L’insécurité règne au cœur de Paris. Particulièrement visé, le quartier du Marais où se produisent de nombreux accidents douteux, qu’on suppose d’origine criminelle. Les autorités de la capitale s’en inquiètent, mettant tout en œuvre pour faire cesser cette série meurtrière… C’est l’ambiance parisienne à la fin de l’époque Louis XVI que ce passionné d’Histoire qu’est Pierre-Alain Mesplède nous invite à découvrir dans “Les caïmans du Marais” (Éd.Pascal Galodé, 2009). En effet, en ce mois de novembre 1787, plusieurs accidents ont été causés par des charrettes de foin trop chargées. Il arrive que des ballots tombent sur les passants et les tuent. Le commissaire Davier désigne le compétent policier Malvy, afin qu’il enquête sur chacun des cas en question.
Grâce à ses mouches (ses indics) fréquentant les auberges du quartier, il espère d’utiles renseignements. Dans le Marais, des bandits appelés “caïmans” sont à l’affût de tous les mauvais coups. Ainsi, Jehan Le Roux et sa bande ont repéré le jour du transfert d’or mensuel destiné au fils Fournier, à partir de chez sa mère la veuve Fournier, riche orfèvre. Dans le cas du savetier Verbois, ce fut un vrai accident. Toutefois, Malvy s’aperçoit que le sieur Rabineau, propriétaire charretier, n’est pas totalement innocent. La mort de la mère Cornebœuf a été provoquée car, comme dans tous les accidents suspects, on a repéré un cheval à la robe pommelée tirant le chariot de foin.

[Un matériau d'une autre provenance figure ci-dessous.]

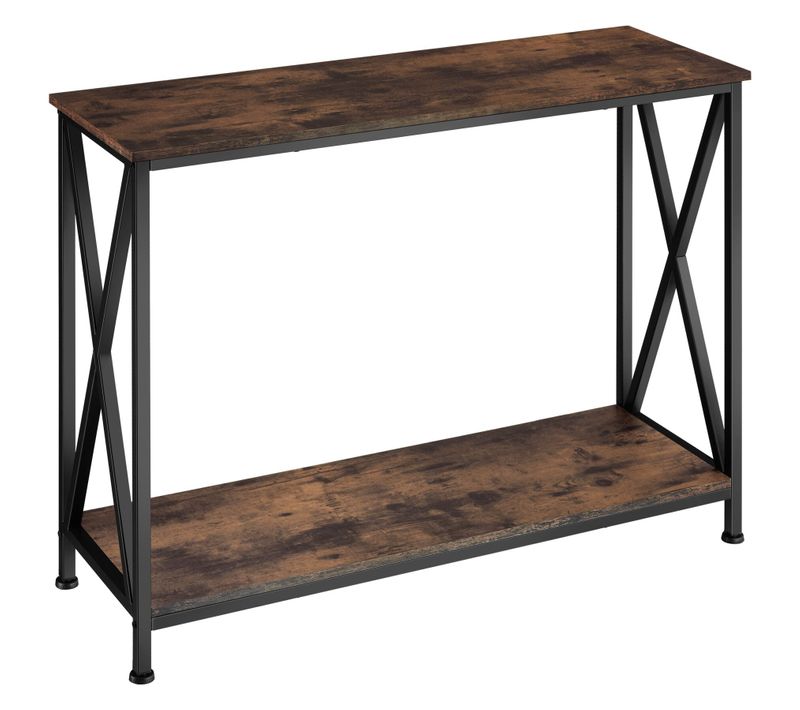 Table Console Style Industriel 100 X 35 X 80,5 Cm Bois Foncé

Nicolas Lecœur est aujourd’hui Premier violon dans l’orchestre dirigé par M.de Saint-George, un métis très apprécié par Marie-Antoinette et sa cour. Dans les soirées mondaines, Nicolas et son amie Marianne croisent les célébrités du moment, compositeurs et comédiennes, et même M.de Lafayette. Danseur à l’Opéra et camarade de Nicolas, Auguste Vestris participe à ces festivités. Dans leur entourage, la mort du violoniste Philippe de l’Estoile pourrait être un accident réel, rien de sûr. Pourtant le témoignage de Marianne, servante d’auberge, aiderait sûrement à identifier une bande de “caïmans”.
Le meurtre de M.de Lantenay, architecte victime d’un ballot de foin, n’est pas si compliqué à solutionner. Il y a aussi celui du prêteur sur gages Josuah Lévy, dont les feuilles de comptes vont aider la police. Plus incertain est le cas de la marquise de Lagny, tuée avec le laquais qui la protégeait, probablement par des “caïmans”. Le décès de cette joueuse invétérée profite à son neveu, le comte de Saint-Priest, mais ça ne constitue pas une preuve. Bientôt se profile une piste sérieuse…
Grâce aux musiciens d’un orchestre prisé par la Cour, l’auteur nous présente mondanités et milieux huppés, agrémentés de nombreux détails historiques. Mais c’est dans le Paris populaire, dans les ruelles et tavernes du quartier du Marais, que se déroule l’intrigue criminelle proprement dite. Indices et déductions permettent à Malvy de résoudre plusieurs cas, même si en ce temps-là, on ne mène pas une enquête de la même façon qu’aujourd’hui. Bien sûr, les indics apportent déjà une aide précieuse. Menacer les coupables de la “question” suffit pour obtenir leurs aveux. Un voyage très plaisant (et fort bien documenté) à la fin du 18ème siècle.